My husband and his family have a long standing tradition of holidaying to the same place year after year. For extenuating reasons we have not been able to go on this vacation for many years. The last time we went was a particularly challenging trip for me, just before we got married and before we had children (not really feeling accepted into the family, sidelined a lot, opinions not considered). This year we went as we thought it would be nice for the children and is somewhere my husband enjoys. We have decided we don't want it to be a yearly thing as we want to explore other places and we don't want to create the expectation that we will always be there. But we do plan to go again at some point.

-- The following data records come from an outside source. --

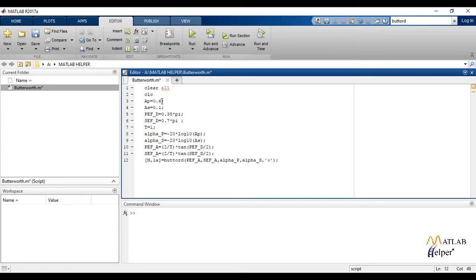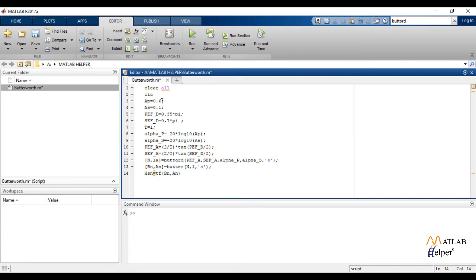The next command is butter(n, Wn), which returns the transfer function coefficients of an nth order low-pass digital Butterworth filter with normalized cutoff frequency Wn. The tf command creates a transfer function model. We again apply the butter command to find the un-normalized function.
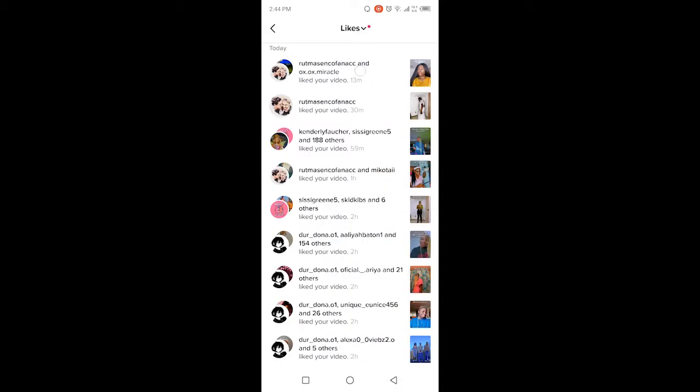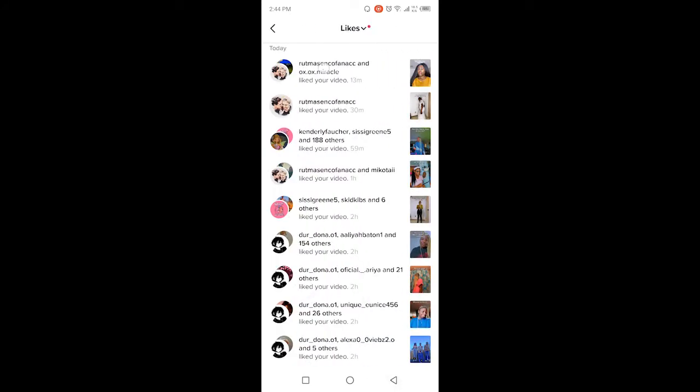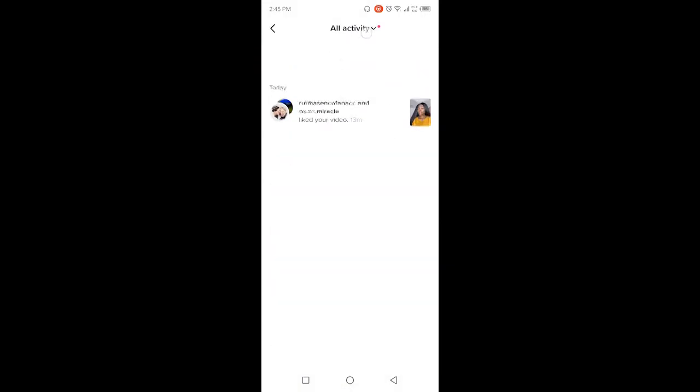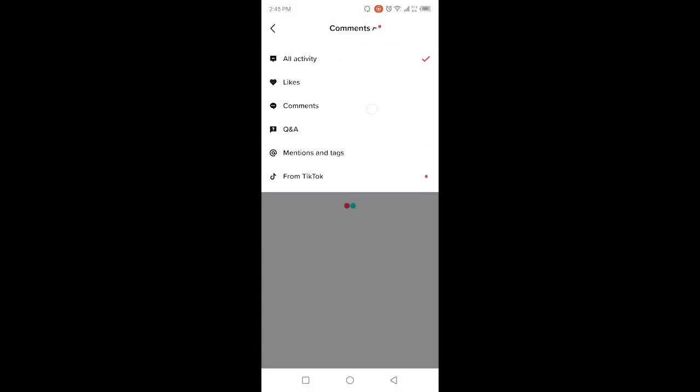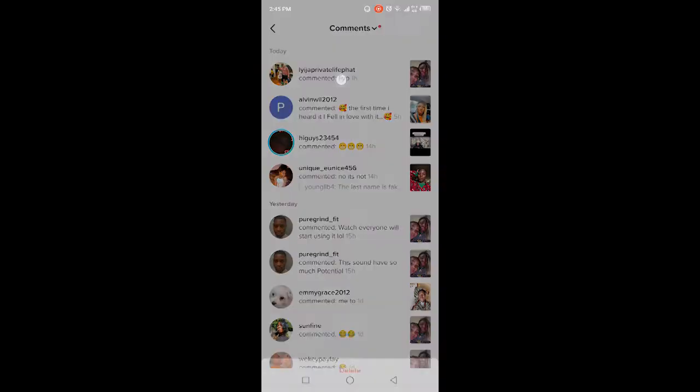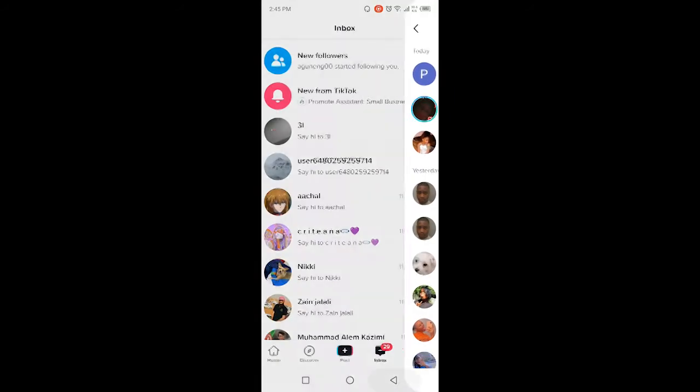The option will pop up for delete for all that activity like I am doing. Now let's delete a comment. Hold that for a few seconds, and you have the option. Then you need to click on delete.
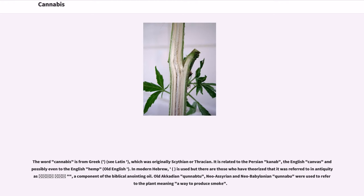The word cannabis is from Greek, which was originally Scythian or Thracian. It is related to the Persian kannab, the English cannabis, and possibly even to the English hemp, from Old English. Old Akkadian qunnabu, and Neo-Assyrian and Neo-Babylonian qunabu, were used to refer to the plant, meaning a way to produce smoke.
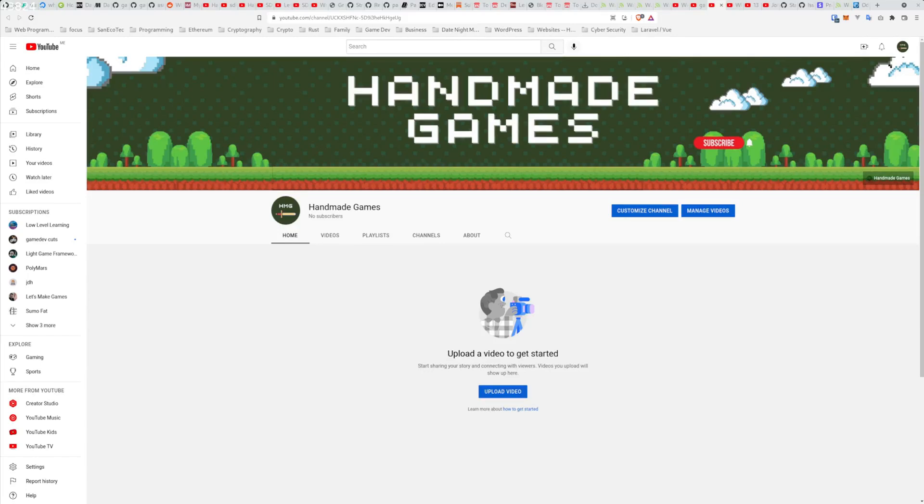Hi everybody, so just as sort of an intro to this channel, I want to explain what it's all about, why I'm doing this channel, and who I'm hoping will get something out of this.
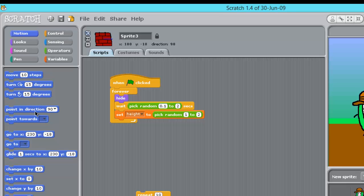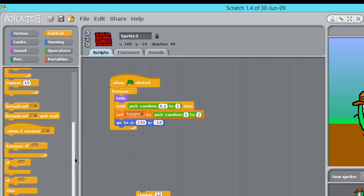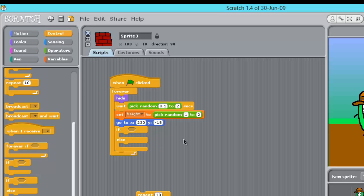Now we're going to drag out a go to. And we're going to drag out an if else right here.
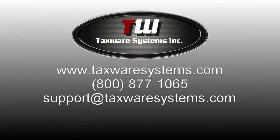If you still have any further questions go ahead and give us a call on our support line or email us at support at TaxWareSystems.com. We'll see you in the next video.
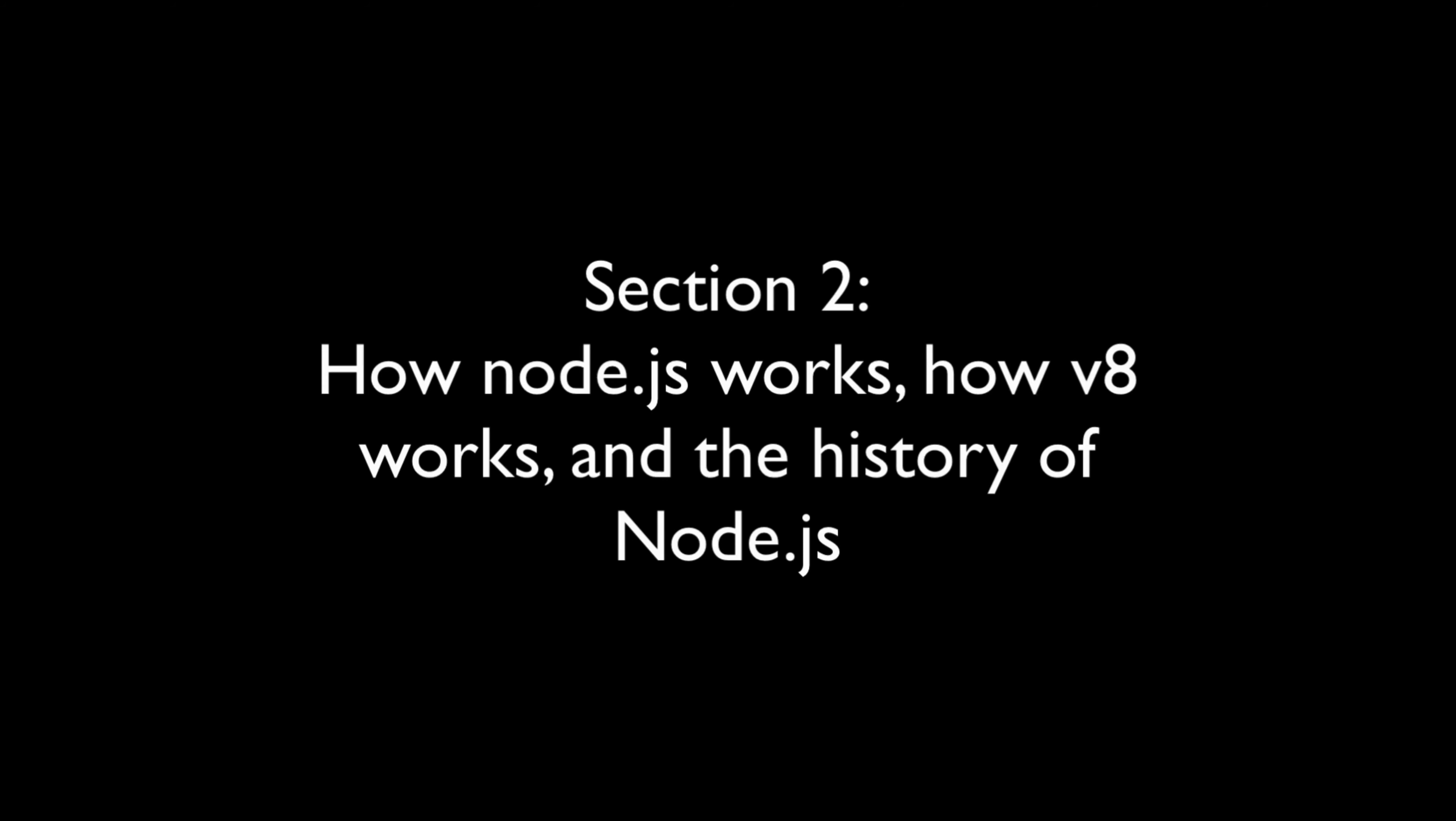After that, we'll walk through the nuts and bolts of what Node is and what V8 is, how they both work, as well as how they relate to each other.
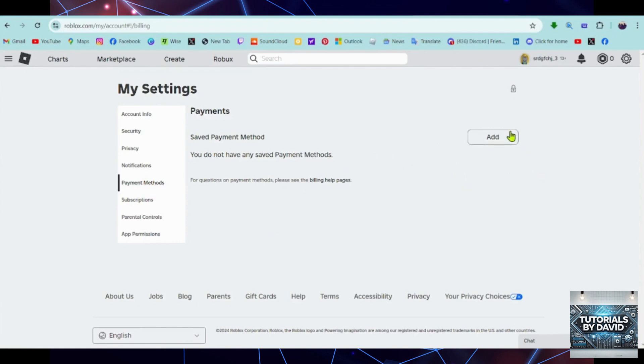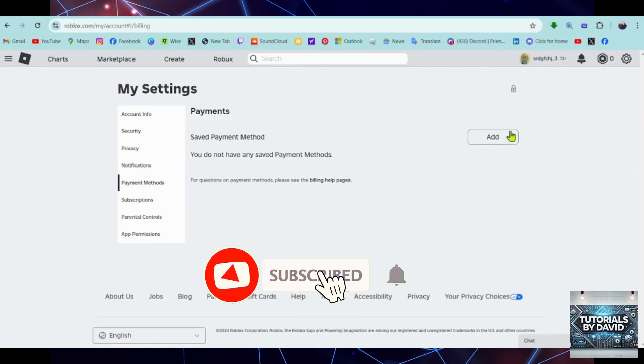Click on the Trash icon or the Delete button. And that's it! Your GCash payment method will be removed from Roblox.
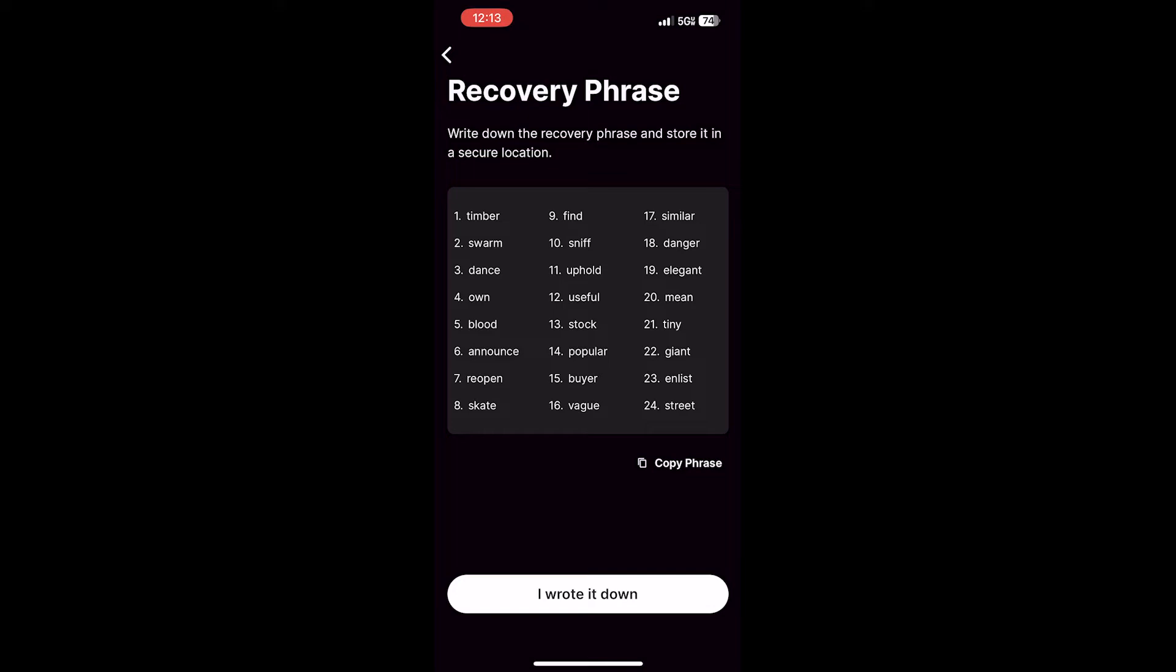Nobody from the Ava Labs team will ever ask you for your recovery phrase. You can click Copy Phrase, and it will let you know that it's been copied. Once you've done this, click I wrote it down.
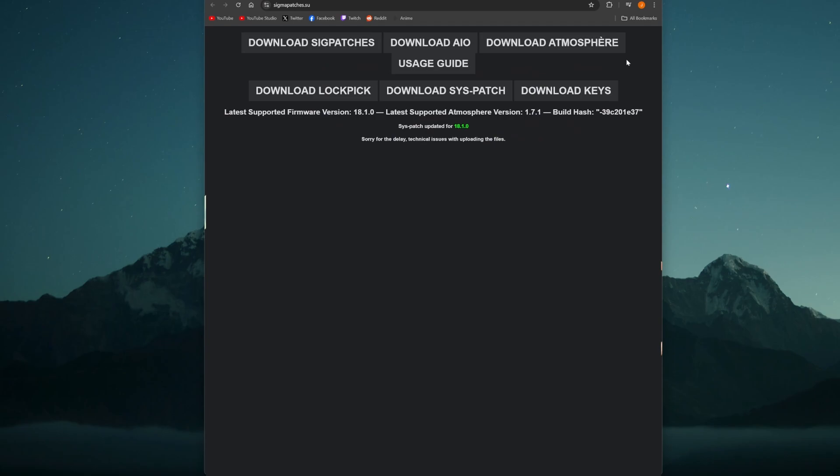Today I'm going to show you how to get Tinfoil as well as the freeware shop on your Nintendo Switch. Before I get started, I must mention that you do need a jailbroken Switch running custom firmware.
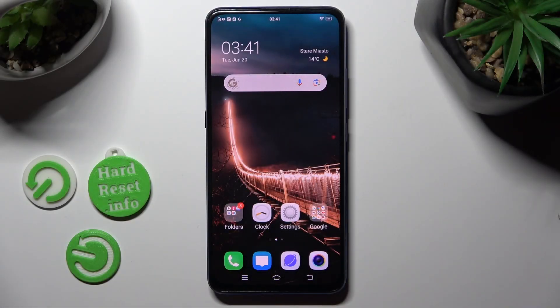Hi, in front of me is the Vivo V15 Pro, and today I would like to show you how you can operate app permissions.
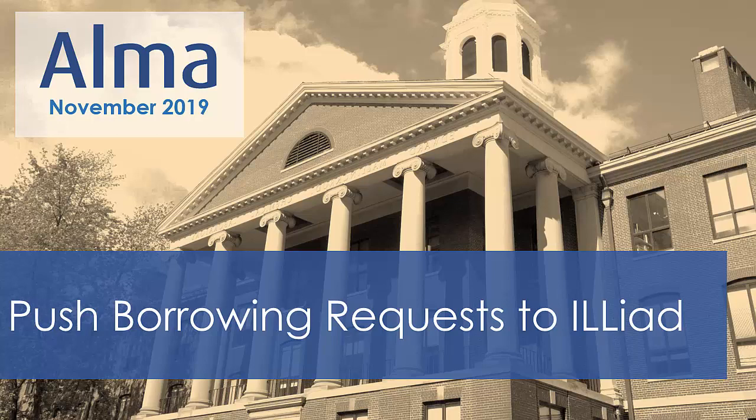Iliad may now be added as a resource sharing partner in Alma. This allows you, for example, to add Iliad to your Rota as a supplier of last resort, so that if a request is unfulfilled, it will be automatically pushed into Iliad to be handled as a borrowing request.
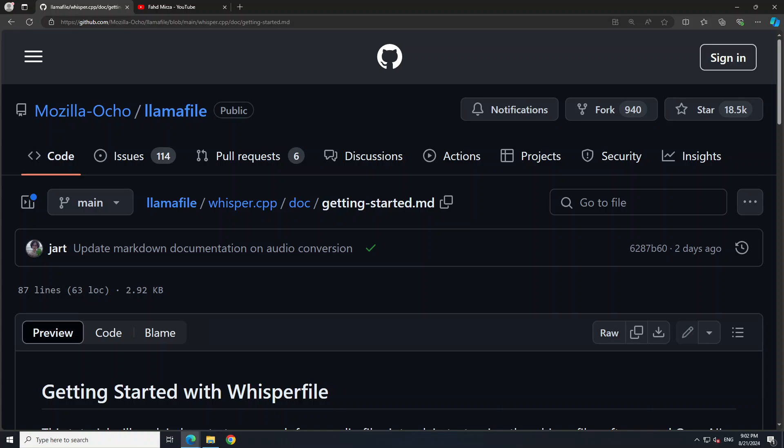Whisper file has been created by Mozilla as part of the llama file project, and it is based on whisper.cpp software written by Georgi Gerganov. The model is also packaged into executable weights, which they call whisper files, and that makes it really easy to use on any operating system — not only Linux and Windows, but also FreeBSD, OpenBSD, and NetBSD. It is compatible with not only x86-64 architecture but also with ARM architecture.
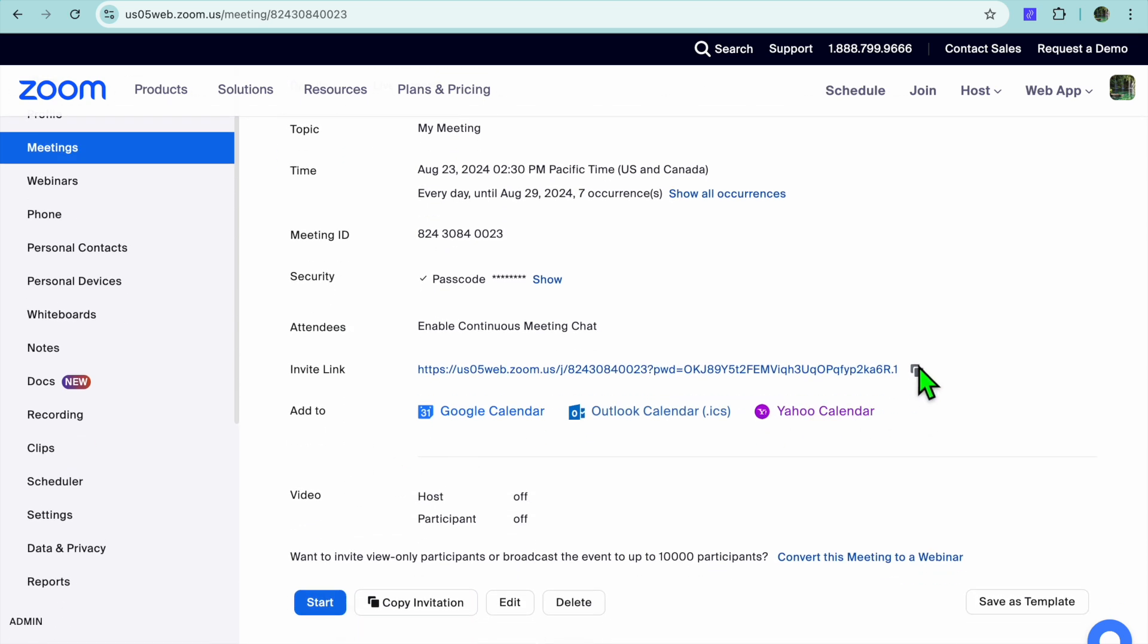Now you can simply copy the link, so you can tap on Copy Link right here and you'll be able to share it with persons that you would like to participate in your Zoom meeting. Hope you found this tutorial helpful and informative. If you did, be sure to hit the like button and subscribe.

After the trip this year I found out his mum was upset that we considered going to a different beach from them one of the days (even though we ended up at "their" beach anyway). They have since rung us to say Grandma will be going next year (hasn't been for like 5 years because she can't cope with it) and is going to go next year and it might be her last time. We'd talked about going somewhere else next year which I'm really keen to do but now I feel like we have to go on his "family" holiday - and the beach thing makes me feel like we will be judged for doing our own thing. I know my husband will feel like we should go in these circumstances and I feel like a bitch for holding our/my boundaries and planning an alternative holiday under these circumstances. I generally get on well with my in laws but they have form for making me feel this way.
Am I right to feel a bit manipulated or am I just being sensitive?
Note to add - I've tried to get the ball rolling with organising other weekends away for us all to spend time together at other times but no one seems bothered or wants to go then 🤷.